Separating – What you need to know
The breakdown of your relationship is never easy and we know that you won’t have come to the decision to separate easily.
Our specialist team is on hand to advise, guide and support you through the process and to make it as stress-free as possible.
If you are in a civil partnership or married you can apply to end (‘dissolve’) your union if you have been in the partnership or married for at least a year.
There are three main steps to ending a civil partnership or marriage:
- File a dissolution petition – you have to apply to court for permission to end your union , and show reasons why you want to split up
- Apply for a conditional order – this is when a court will confirm you are entitled to dissolve the relationship
- Apply for a final order – this legally ends your civil partnership or marriage – you need to wait six weeks after you get the conditional order before you can apply
The law prescribes that to be entitled to a dissolution the relationship must have “irretrievably broken down” and that you have good reason for ending the civil partnership or marriage.
There are four grounds for ending a civil partnership/marriage:
- Unreasonable behavior – this means that your partner has behaved so badly that you no longer wish to live with them. This could include verbal or physical abuse, being irresponsible with money, being sexually unfaithful, being untrustworthy or disrespectful.

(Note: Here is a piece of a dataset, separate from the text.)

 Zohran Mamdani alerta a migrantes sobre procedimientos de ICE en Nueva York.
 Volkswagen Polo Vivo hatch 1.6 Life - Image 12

- Desertion – your partner has left you for more than two years in the past two and a half years without your agreement or good reason
- You have lived apart for more than two years – you can get dissolution if you have lived apart for more than two years, and both agree to end the civil partnership
- You have lived apart for more than five years – living apart for more than five years is usually enough to end a civil partnership, even if your civil partner disagrees
Our team’s experience and knowledge can help you with all aspects concerning your separation, including separating your finances and advising you on the necessary arrangements for children that may be involved.